I do still believe there’s a strong tendency towards efficiency and that this has the potential to render much suffering obsolete; I just have more skepticism about it than I think is often assumed by HPEV-EAs.[14]
I’m skeptical about the view that human descendants will optimize their resources for happiness (i.e. create hedonium) relative to optimizing for suffering (i.e. create dolorium).[15] Humans currently seem more deliberately driven to create hedonium, but creating dolorium might be more instrumentally useful (e.g. as a threat to rivals[16]).
On this topic, I similarly do still believe there’s a higher likelihood of creating hedonium; I just have more skepticism about it than I think is often assumed by EAs.
I’m largely in agreement with the average HPEV-EA in my moral exchange rate between happiness and suffering. However, I think those EAs tend to greatly underestimate how much the empirical tendency towards suffering over happiness (e.g. wild animals seem to endure much more suffering than happiness) is evidence of a future empirical asymmetry.
My view here is partly informed by the capacities for happiness and suffering that have evolved in humans and other animals, the capacities that seem to be driven by cultural forces (e.g. corporations seem to care more about downsides than upsides, perhaps because it’s easier in general to destroy and harm things than to create and grow them), and speculation about what could be done in more advanced civilizations, such as my best guess on what a planet optimized for happiness and a planet optimized for suffering would look like. For example, I think a given amount of dolorium/dystopia (say, the amount that can be created with 100 joules of energy) is far larger in absolute moral expected value than hedonium/utopia made with the same resources.
I’m unsure of how much I would disagree with HPEV-EAs about the argument that we should be highly uncertain about the likelihood of different far future scenarios because of how highly speculative our evidence is, which pushes my estimate of the expected value of the far future towards the middle of the possible range, i.e. towards zero.
I’m unsure of how much I would disagree with HPEV-EAs about the persistence of evolutionary forces into the future (i.e. how much future beings will be determined by fitness, rather than characteristics we might hope for like altruism and happiness).[17]
From the historical perspective, it worries me that many historical humans seem like they would be quite unhappy with the way human morality changed after them, such as the way Western countries are less concerned about previously-considered-immoral behavior like homosexuality and gluttony than their ancestors were in 500 CE. (Of course, one might think historical humans would agree with modern humans upon reflection, or think that much of humanity’s moral changes have been due to improved empirical understanding of the world.)[18]
I’m largely in agreement with HPEV-EAs that humanity’s moral circle has a track record of expansion and seems likely to continue expanding. For example, I think it’s quite likely that powerful beings in the far future will care a lot about charismatic biological animals like elephants or chimpanzees, or whatever beings have a similar relationship to those powerful beings as humanity has to elephants and chimpanzees. (As mentioned above, my pessimism about the continued expansion is largely due to concern about the magnitude of bad-but-unlikely outcomes and the harms that could occur due to MCE stagnation.)
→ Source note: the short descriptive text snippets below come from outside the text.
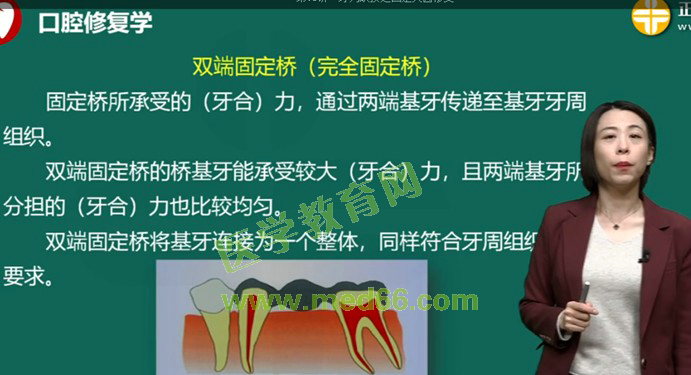 双端固定桥 双端固定桥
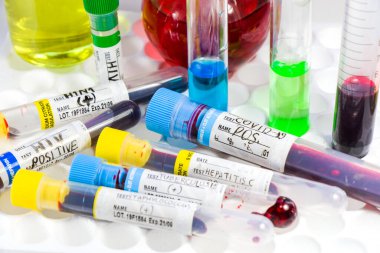 H1N1, Covid-19, Hepatit C, Tüberküloz ve Staphylococcus virüsleri tüplerdeki kan testleri, laboratuvar teşhisleri, metinler ve mektuplar.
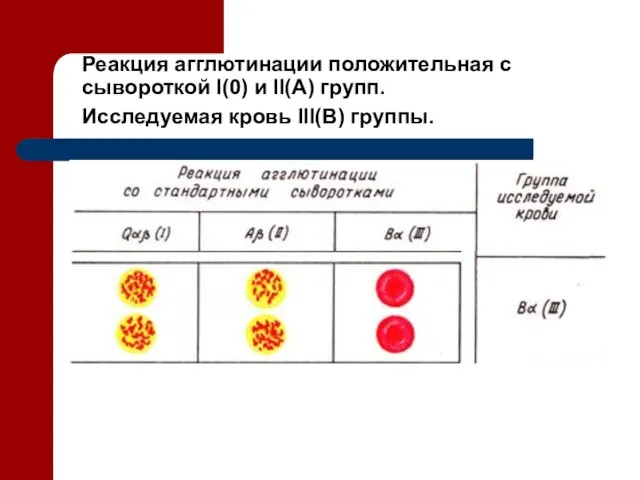 Реакция агглютинации положительная с сывороткой I(0) и II(А) групп. Исследуемая кровь III(В) группы.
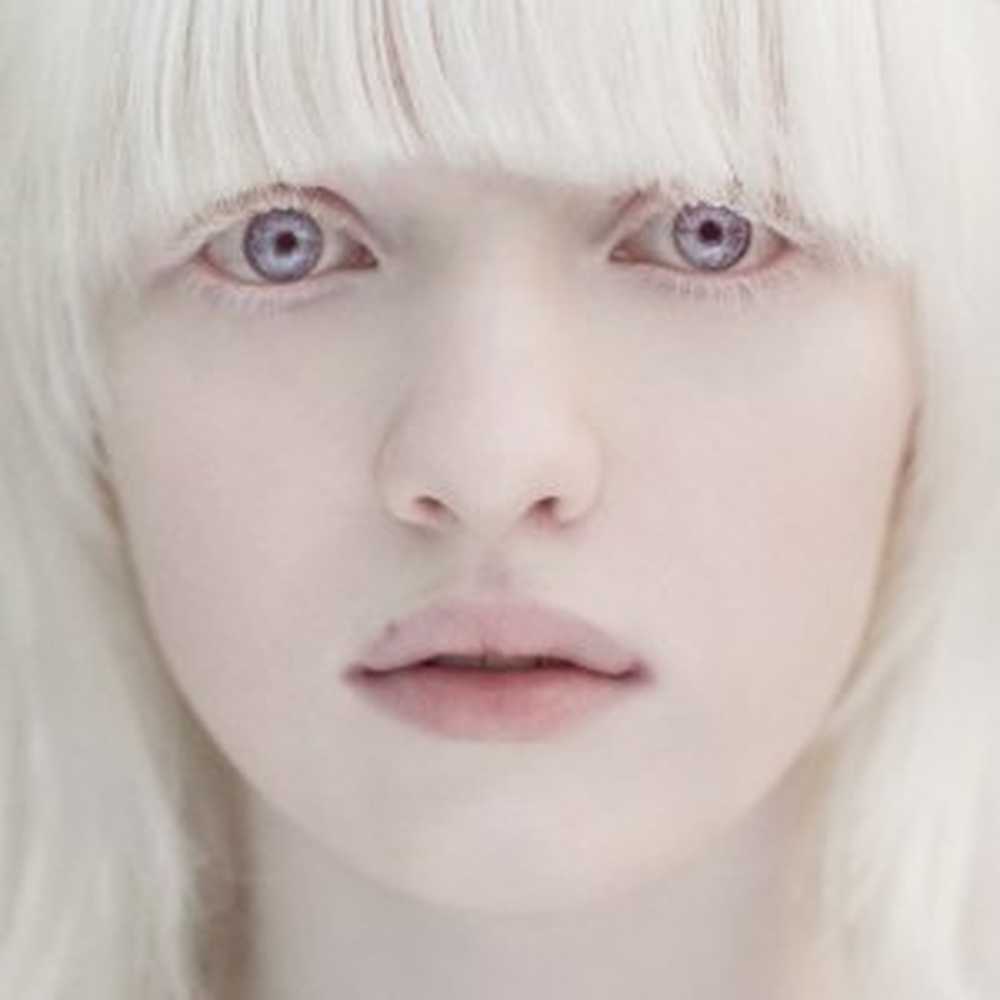 Включи белыми глазами. Настя Жидкова альбинос. Настя Жидкова модель. Настя Кумарова.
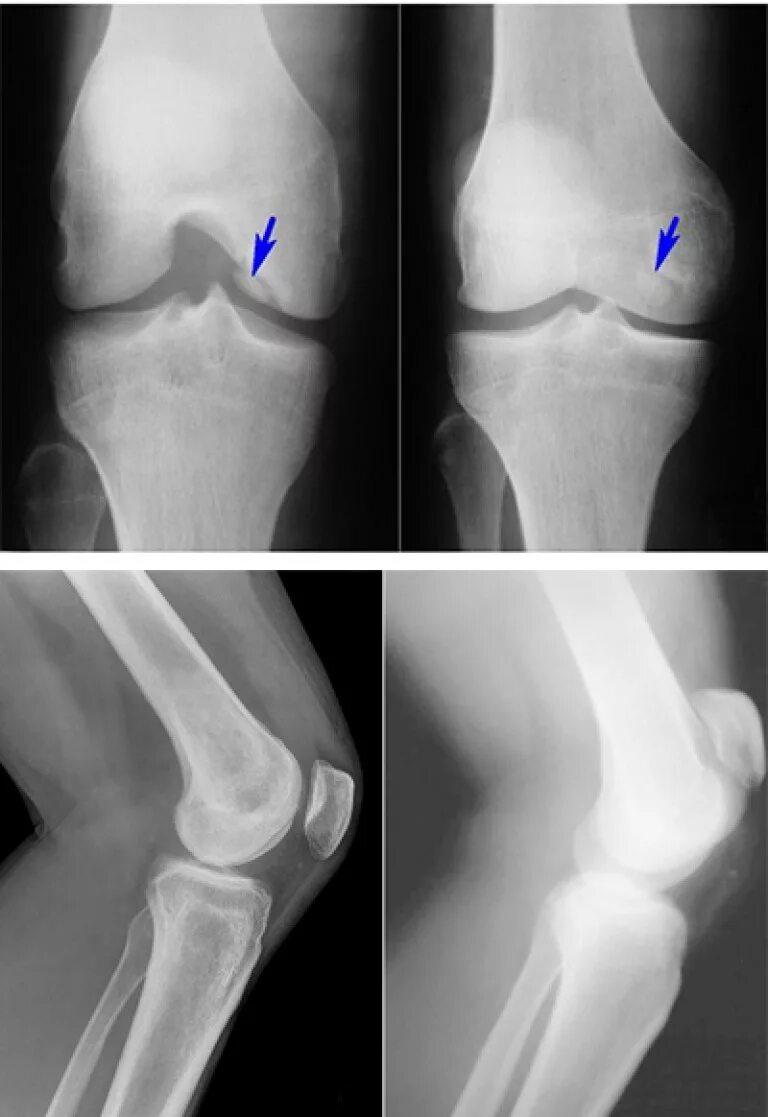 Асептический некроз мыщелка. Асептический некроз коленного кости. Асептический некроз мыщелков бедренной кости. Асептический некроз коленного сустава. Некроз кости на рентгенограмме.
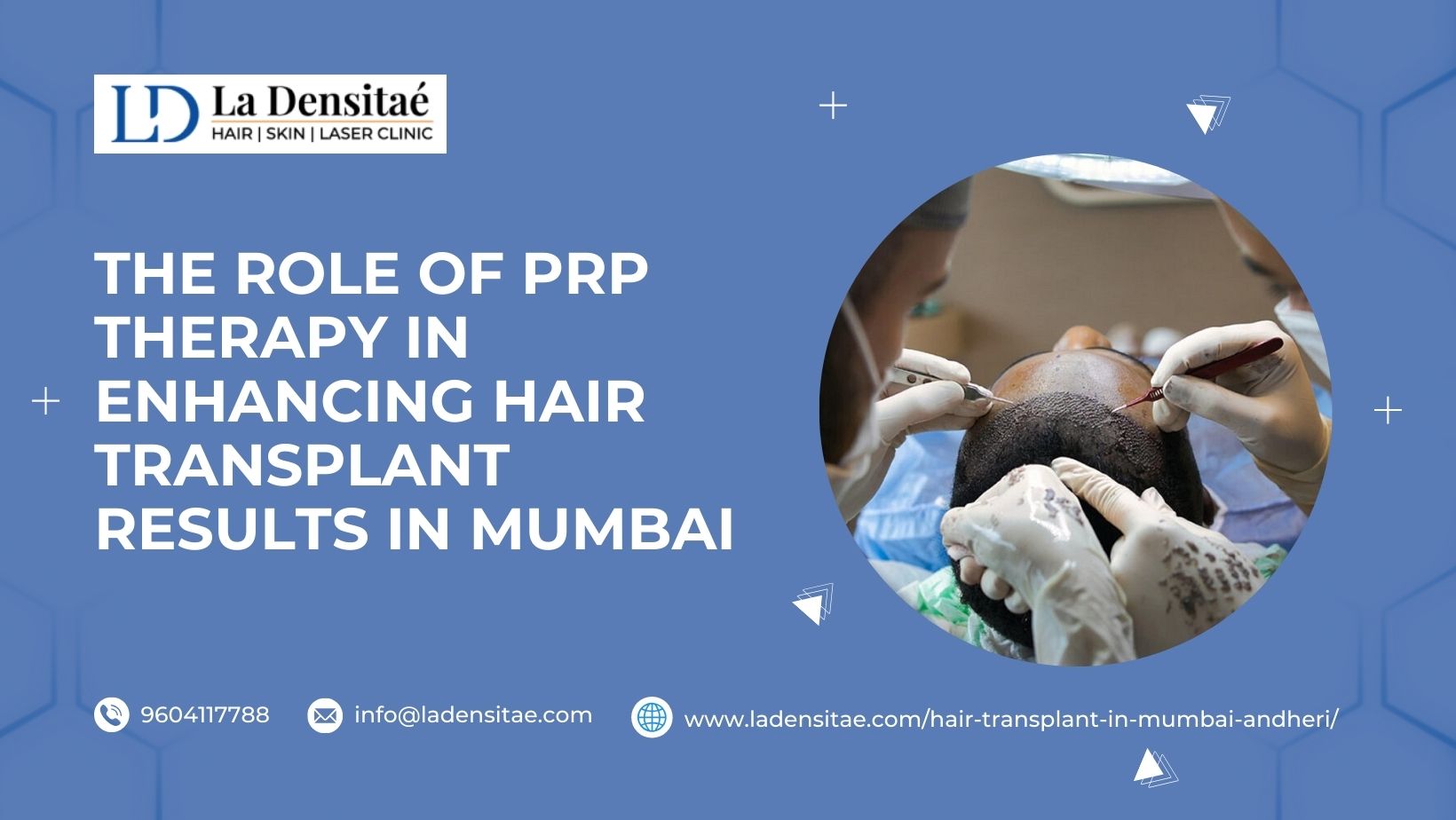 hair transplant in mumbai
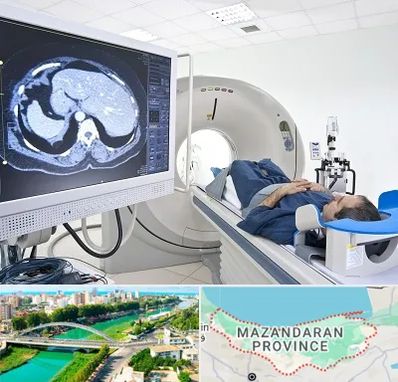 مرکز تصویر برداری پزشکی در مازندران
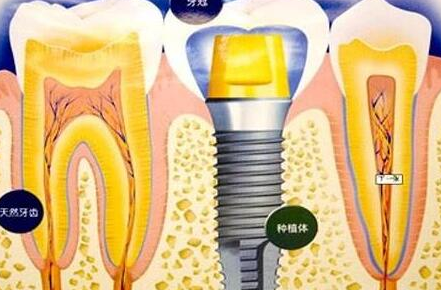 種植牙齒有什么壞處-義齒廠家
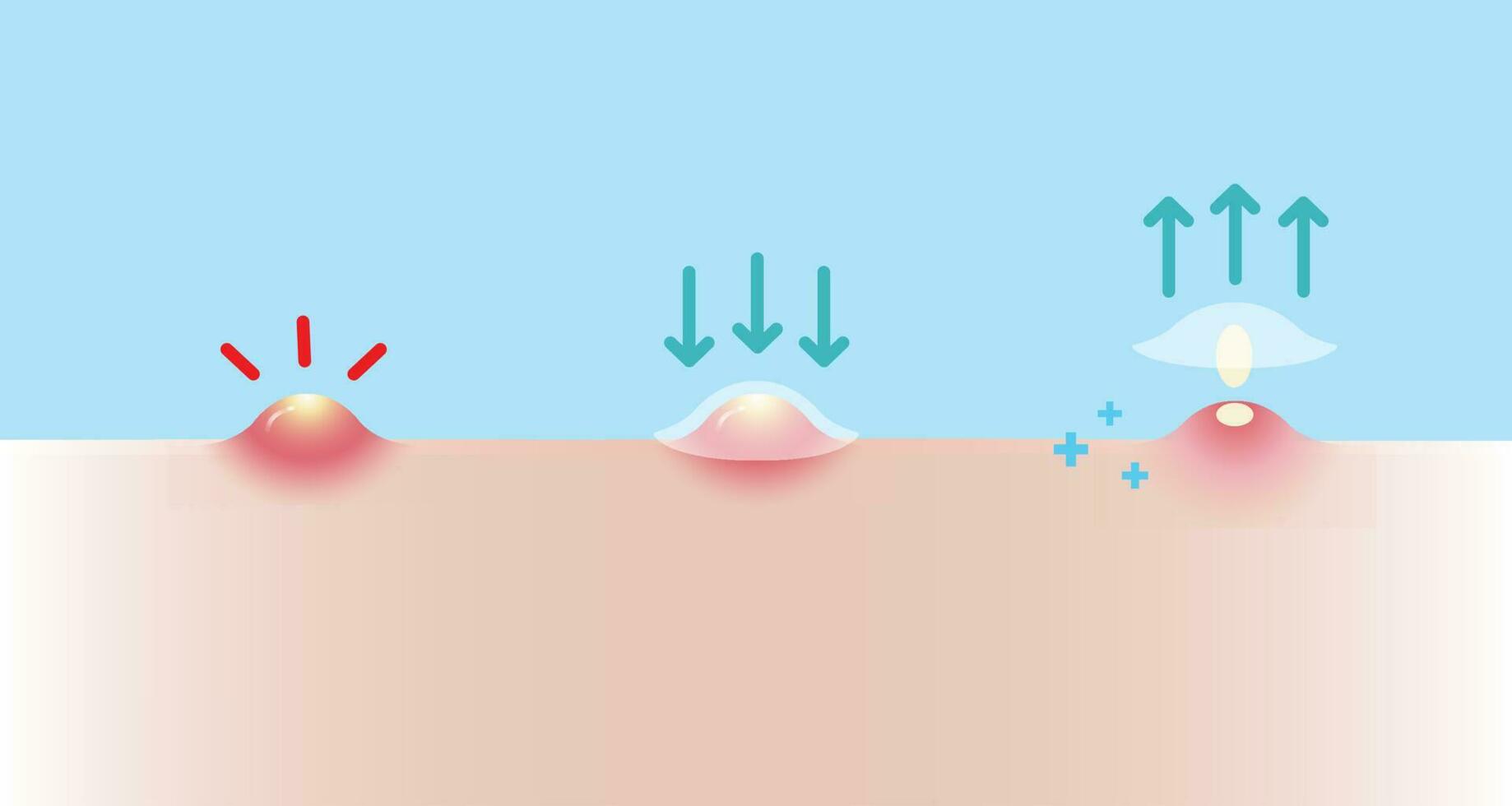 direction pour utilisation acné bouton pièce pour inflammatoire acné vecteur illustration sur bleu ciel Contexte. Comment à utiliser, étape de utilisation acné pièce absorbant pustule sur peau affronter. peau se soucier et beauté concept.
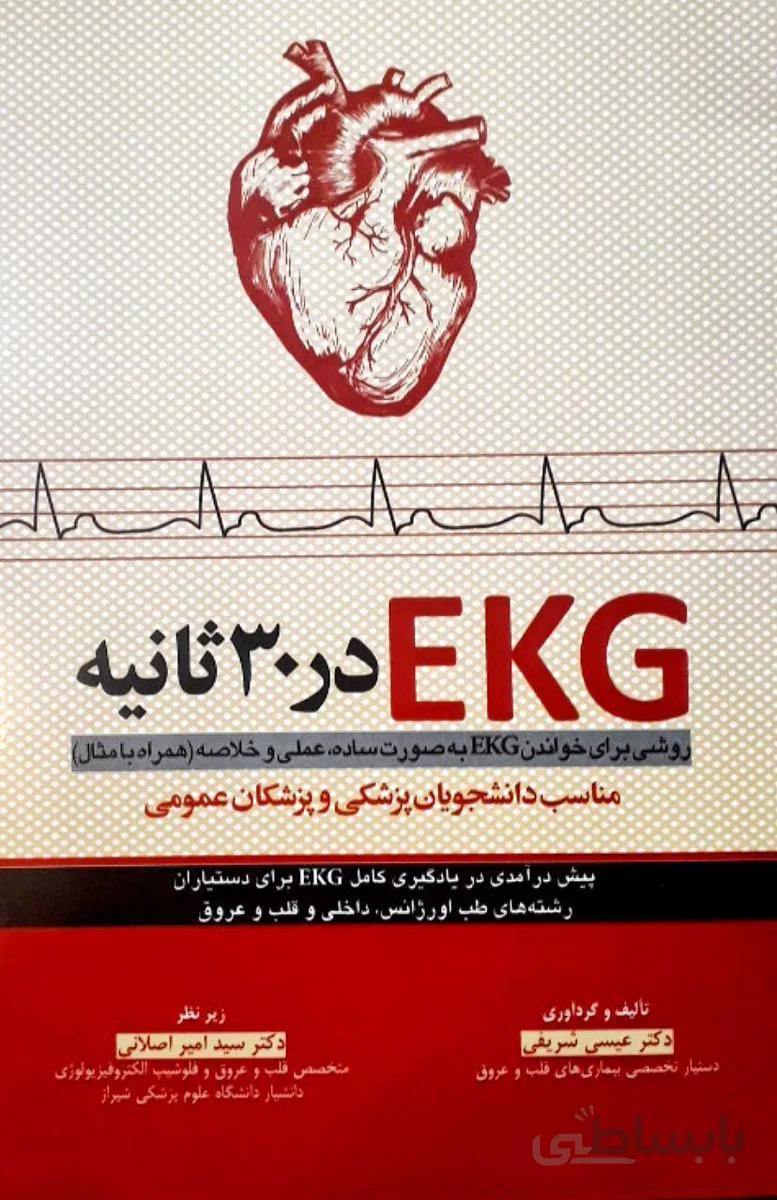 EKG در ۳۰ ثانیه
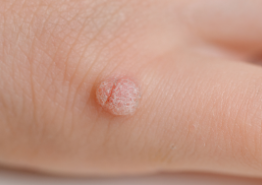 Warts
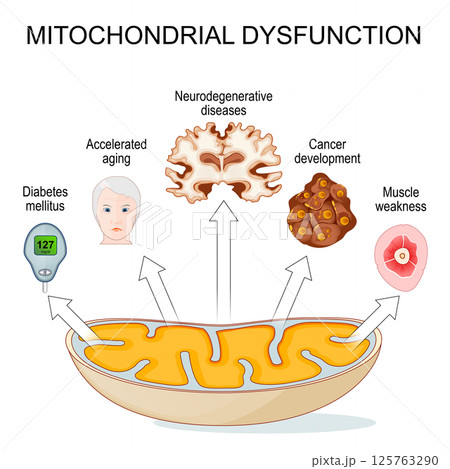 Mitochondrial dysfunction 125763290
Unfortunately, we don’t have much empirical data or solid theoretical arguments on these topics, so the disagreements I’ve had with HPEV-EAs have mostly just come down to differences in intuition. This is a common theme for prioritization among far future efforts. We can outline the relevant factors and a little empirical data, but the crucial factors seem to be left to speculation and intuition.

Most of these considerations are about how society will develop and utilize new technologies, which suggests we can develop relevant intuitions and speculative capacity by studying social and technological change. So even though these judgments are intuitive, we could potentially improve them with more study of big-picture social and technological change, such as Sentience Institute’s MCE research or Robin Hanson’s book on The Age of Em that analyzes what a future of brain emulations would look like. (This sort of empirical research is what I see as the most promising future research avenue for far future cause prioritization. I worry EAs overemphasize armchair research (like most of this post, actually) for various reasons.[19])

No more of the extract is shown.